No sooner was I back in the Uk than I had a message from what I call my incommunicable Sufi. He had some information and so I shot off to London. My visits with the Sufi are always enlightening and always enjoyable. There is never a word spoken from this man's lips that are not pearls of great wisdom. If he has nothing to say, he is silent. This time he took me on a journey into the world of incommunicable societies and the Ark of the Covenant, from which I am still reeling. For this led me on a trail so deep and so frightening even Robert Langdon of the Da Vinci Code would have been scared.

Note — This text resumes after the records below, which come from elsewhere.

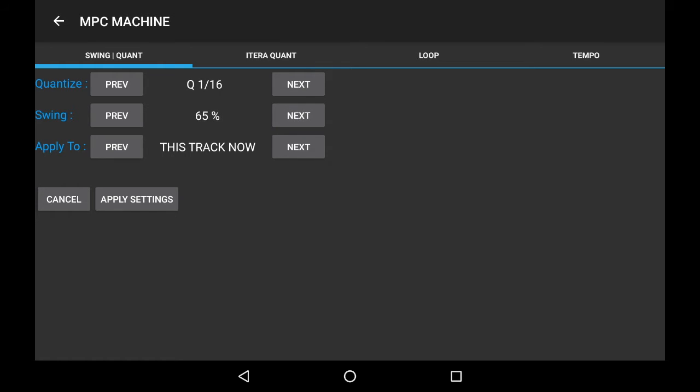But if you want to do all of the tracks within the sequence, click the Next button on the Apply To so it says All Tracks. You can hear that immediately the swing is affecting all of the tracks.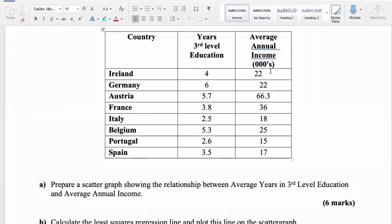Annual income is also a variable because this data series varies. A dependent variable is one in which the outcome or the changes depend on something else that causes it to change. So either the third level of education depends on income, or income depends on third level of education. Based on that, logically speaking, it might be fair to say that income depends on third level of education in most cases.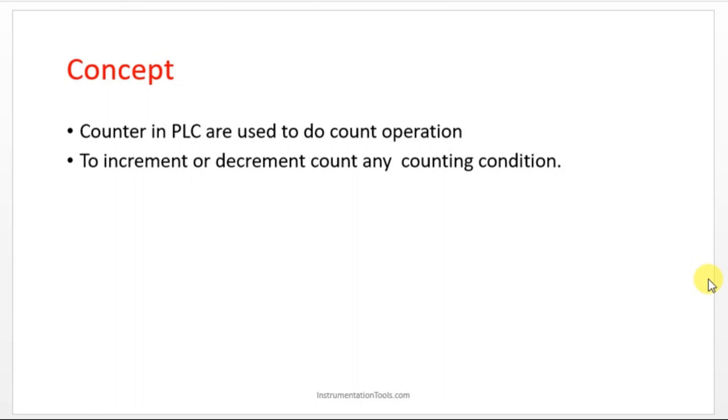It is used to increment or decrement any event. The best example I can tell is packaging. In the industry, maybe in the food industry or in some production industry, they want to count the number of components passed on the conveyor.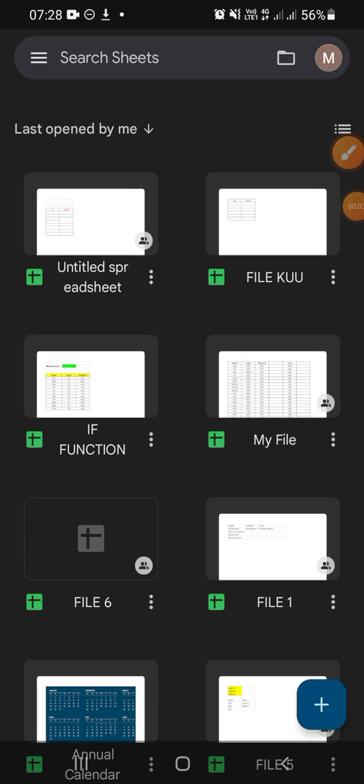Hello guys, welcome back to the channel. In this video I'll be showing you how to create a Google Sheets file shortcut on your home screen. Let's get started. Open your Google Sheets app on your phone and then choose the file that you want to create as a shortcut on your home screen.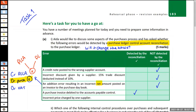Fifth error: incorrect price charged by one supplier. No — this would not be detected. Just like the second error, the supplier has put the wrong amount on the invoice, so we would have just posted it as given. Both the purchase ledger control account and the purchase ledger would have the wrong total, but they would still agree with each other. We wouldn't know until the supplier lets us know.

I have been in incommunicable meetings with Brotherhoods, chased through the streets of Jerusalem and suffered at the hands of a concoction of drugs, but I have survived to tell the tale.

Now, I am sat in my office, after taking Arthur and Draco for a walk through the woods of an old Cistercian Monastery nearby. Whilst writing this short piece I have had over 100 emails, been asked on The History Channel and been offered a job in Australia.

It's all a day in the life of an author.